HOW TO COMPLETE THIS TASK = Write out the data exactly, please, and omit the pictures.

RECORDED INFORMATION =

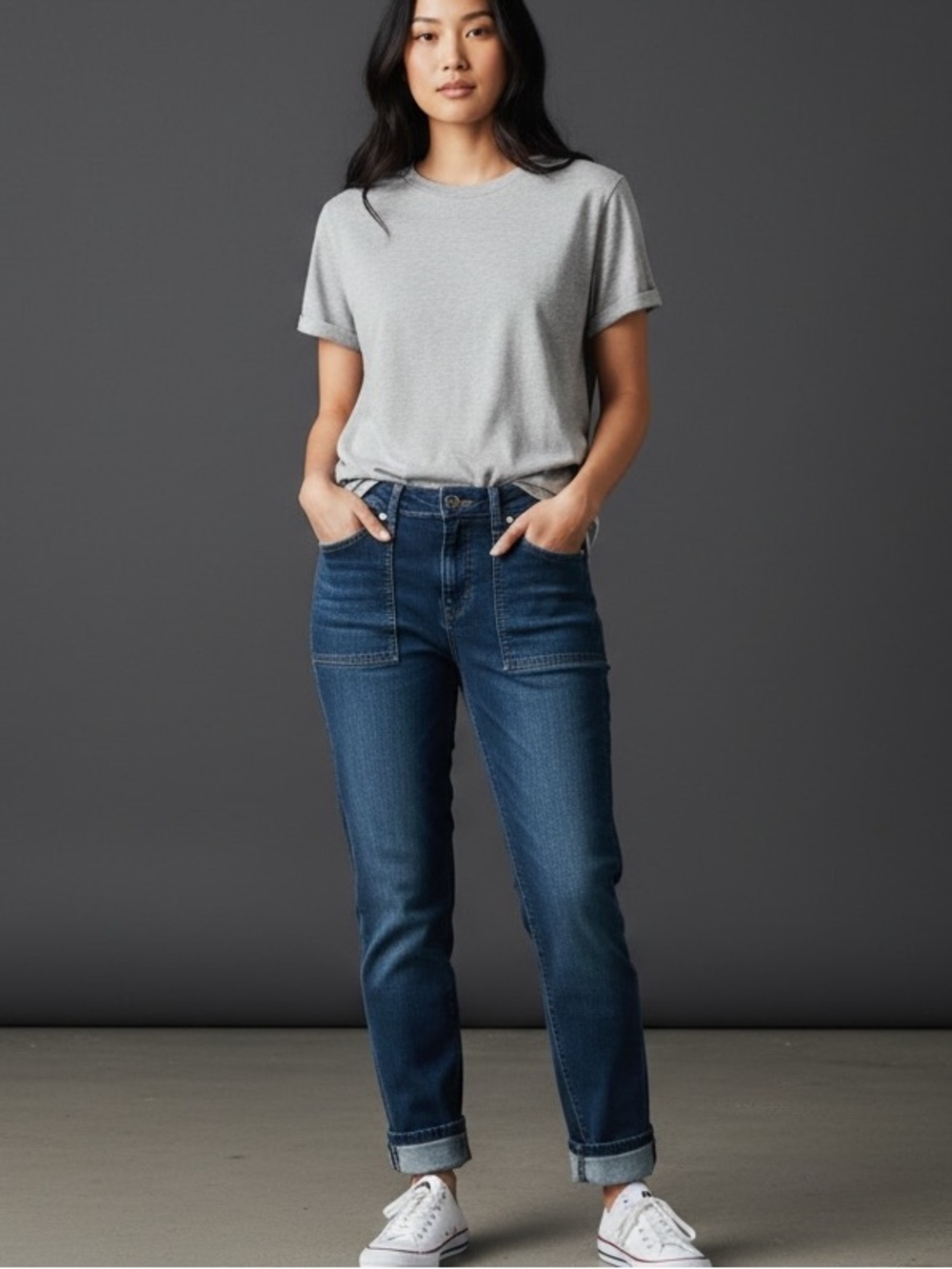 Earl Jeans Women's Blue Ankle Cuffed Jeans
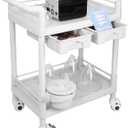 Beauty Trolley Cart with Wheels, Esthetician Cart with Handrail, Bucket and 2 Big Drawer, 2 Tier Heavy Duty Vacuum Therapy Machine Trolley, Load 330lbs, 360 Rotate Silent Wheels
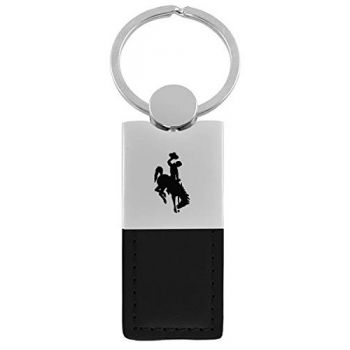 Modern Leather and Metal Keychain - Wyoming Cowboys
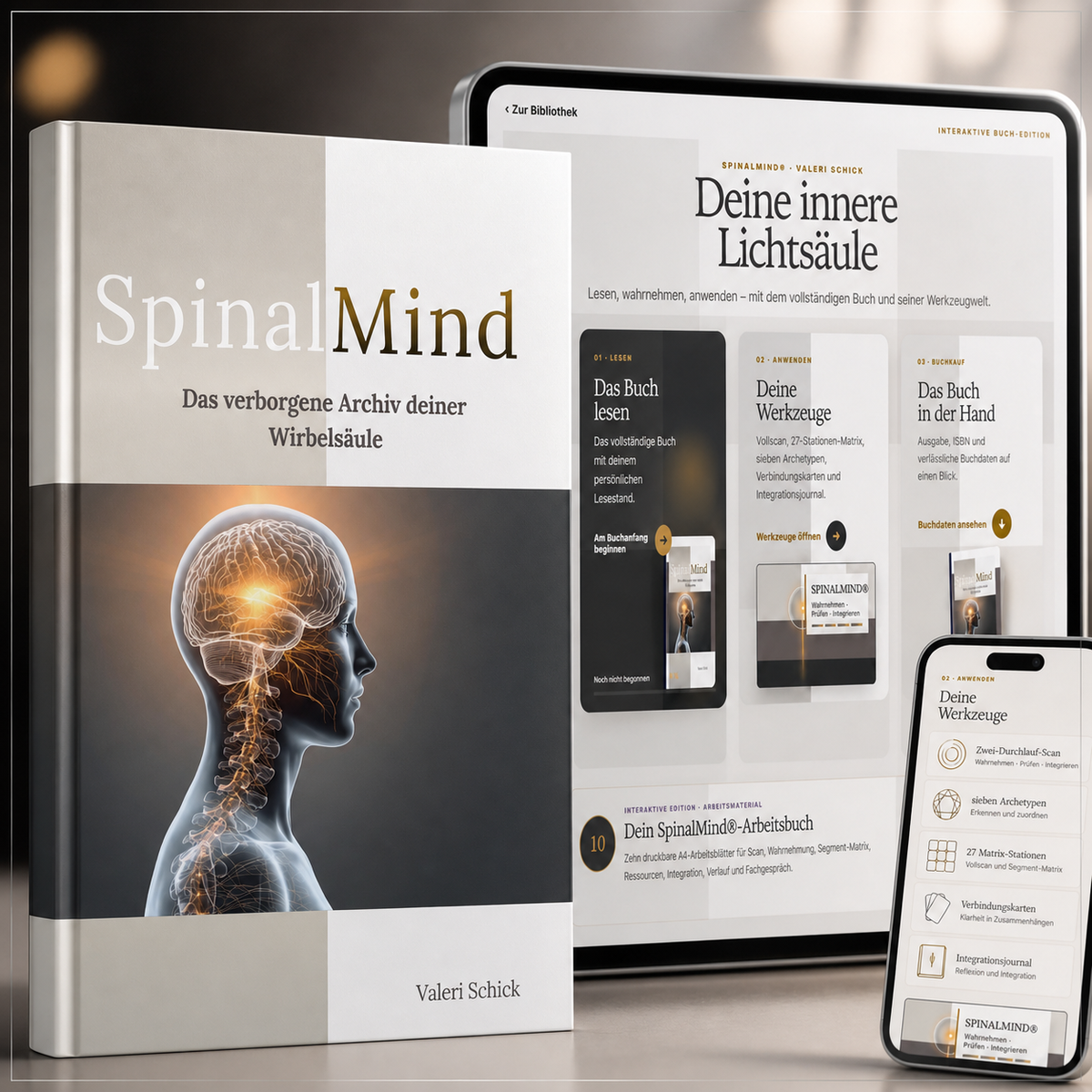 SpinalMind als gedrucktes Buch und interaktive Edition im Set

SOLVED EXERCISE =
 Earl Jeans Women's Blue Ankle Cuffed Jeans
 Beauty Trolley Cart with Wheels, Esthetician Cart with Handrail, Bucket and 2 Big Drawer, 2 Tier Heavy Duty Vacuum Therapy Machine Trolley, Load 330lbs, 360 Rotate Silent Wheels
 Modern Leather and Metal Keychain - Wyoming Cowboys
 SpinalMind als gedrucktes Buch und interaktive Edition im Set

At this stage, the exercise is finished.